Assignment: The full listing should be set down again precisely.

Records for processing:
Start of Block

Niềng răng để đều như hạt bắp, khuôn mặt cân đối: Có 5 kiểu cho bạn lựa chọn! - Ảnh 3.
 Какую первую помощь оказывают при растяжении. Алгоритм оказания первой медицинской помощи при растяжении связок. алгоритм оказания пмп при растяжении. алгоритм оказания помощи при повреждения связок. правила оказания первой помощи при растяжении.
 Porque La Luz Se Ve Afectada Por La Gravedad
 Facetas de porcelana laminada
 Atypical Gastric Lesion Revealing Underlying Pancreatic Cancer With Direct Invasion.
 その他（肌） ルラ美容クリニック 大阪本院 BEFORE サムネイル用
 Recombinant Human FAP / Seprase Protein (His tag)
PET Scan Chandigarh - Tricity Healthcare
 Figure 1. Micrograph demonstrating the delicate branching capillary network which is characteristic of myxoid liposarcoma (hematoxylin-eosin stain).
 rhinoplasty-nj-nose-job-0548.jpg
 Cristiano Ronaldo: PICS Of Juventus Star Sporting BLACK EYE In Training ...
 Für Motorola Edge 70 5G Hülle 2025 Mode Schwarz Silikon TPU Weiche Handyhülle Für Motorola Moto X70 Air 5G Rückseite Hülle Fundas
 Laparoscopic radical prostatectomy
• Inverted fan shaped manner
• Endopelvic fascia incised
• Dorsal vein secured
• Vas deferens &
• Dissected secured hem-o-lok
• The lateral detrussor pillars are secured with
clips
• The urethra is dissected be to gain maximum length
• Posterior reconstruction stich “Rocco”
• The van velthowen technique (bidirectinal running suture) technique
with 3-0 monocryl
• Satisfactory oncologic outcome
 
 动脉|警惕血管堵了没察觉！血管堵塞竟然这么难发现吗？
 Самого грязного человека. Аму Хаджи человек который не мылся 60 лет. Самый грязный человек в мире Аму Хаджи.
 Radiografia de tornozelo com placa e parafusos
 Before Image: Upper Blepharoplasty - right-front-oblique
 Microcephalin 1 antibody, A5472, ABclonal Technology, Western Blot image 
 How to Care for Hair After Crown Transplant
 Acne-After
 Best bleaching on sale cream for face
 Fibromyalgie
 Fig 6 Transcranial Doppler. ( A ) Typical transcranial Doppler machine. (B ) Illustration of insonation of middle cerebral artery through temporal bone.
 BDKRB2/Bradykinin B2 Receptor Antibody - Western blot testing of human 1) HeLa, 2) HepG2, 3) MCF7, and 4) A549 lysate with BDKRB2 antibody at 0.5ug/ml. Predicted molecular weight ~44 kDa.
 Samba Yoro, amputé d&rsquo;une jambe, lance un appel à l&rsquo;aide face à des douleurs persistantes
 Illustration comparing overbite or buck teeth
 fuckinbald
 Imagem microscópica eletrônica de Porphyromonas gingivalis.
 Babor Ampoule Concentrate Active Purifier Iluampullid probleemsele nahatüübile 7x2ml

End of Block

Solution:
Niềng răng để đều như hạt bắp, khuôn mặt cân đối: Có 5 kiểu cho bạn lựa chọn! - Ảnh 3.
 Какую первую помощь оказывают при растяжении. Алгоритм оказания первой медицинской помощи при растяжении связок. алгоритм оказания пмп при растяжении. алгоритм оказания помощи при повреждения связок. правила оказания первой помощи при растяжении.
 Porque La Luz Se Ve Afectada Por La Gravedad
 Facetas de porcelana laminada
 Atypical Gastric Lesion Revealing Underlying Pancreatic Cancer With Direct Invasion.
 その他（肌） ルラ美容クリニック 大阪本院 BEFORE サムネイル用
 Recombinant Human FAP / Seprase Protein (His tag)
PET Scan Chandigarh - Tricity Healthcare
 Figure 1. Micrograph demonstrating the delicate branching capillary network which is characteristic of myxoid liposarcoma (hematoxylin-eosin stain).
 rhinoplasty-nj-nose-job-0548.jpg
 Cristiano Ronaldo: PICS Of Juventus Star Sporting BLACK EYE In Training ...
 Für Motorola Edge 70 5G Hülle 2025 Mode Schwarz Silikon TPU Weiche Handyhülle Für Motorola Moto X70 Air 5G Rückseite Hülle Fundas
 Laparoscopic radical prostatectomy
• Inverted fan shaped manner
• Endopelvic fascia incised
• Dorsal vein secured
• Vas deferens &
• Dissected secured hem-o-lok
• The lateral detrussor pillars are secured with
clips
• The urethra is dissected be to gain maximum length
• Posterior reconstruction stich “Rocco”
• The van velthowen technique (bidirectinal running suture) technique
with 3-0 monocryl
• Satisfactory oncologic outcome
 
 动脉|警惕血管堵了没察觉！血管堵塞竟然这么难发现吗？
 Самого грязного человека. Аму Хаджи человек который не мылся 60 лет. Самый грязный человек в мире Аму Хаджи.
 Radiografia de tornozelo com placa e parafusos
 Before Image: Upper Blepharoplasty - right-front-oblique
 Microcephalin 1 antibody, A5472, ABclonal Technology, Western Blot image 
 How to Care for Hair After Crown Transplant
 Acne-After
 Best bleaching on sale cream for face
 Fibromyalgie
 Fig 6 Transcranial Doppler. ( A ) Typical transcranial Doppler machine. (B ) Illustration of insonation of middle cerebral artery through temporal bone.
 BDKRB2/Bradykinin B2 Receptor Antibody - Western blot testing of human 1) HeLa, 2) HepG2, 3) MCF7, and 4) A549 lysate with BDKRB2 antibody at 0.5ug/ml. Predicted molecular weight ~44 kDa.
 Samba Yoro, amputé d&rsquo;une jambe, lance un appel à l&rsquo;aide face à des douleurs persistantes
 Illustration comparing overbite or buck teeth
 fuckinbald
 Imagem microscópica eletrônica de Porphyromonas gingivalis.
 Babor Ampoule Concentrate Active Purifier Iluampullid probleemsele nahatüübile 7x2ml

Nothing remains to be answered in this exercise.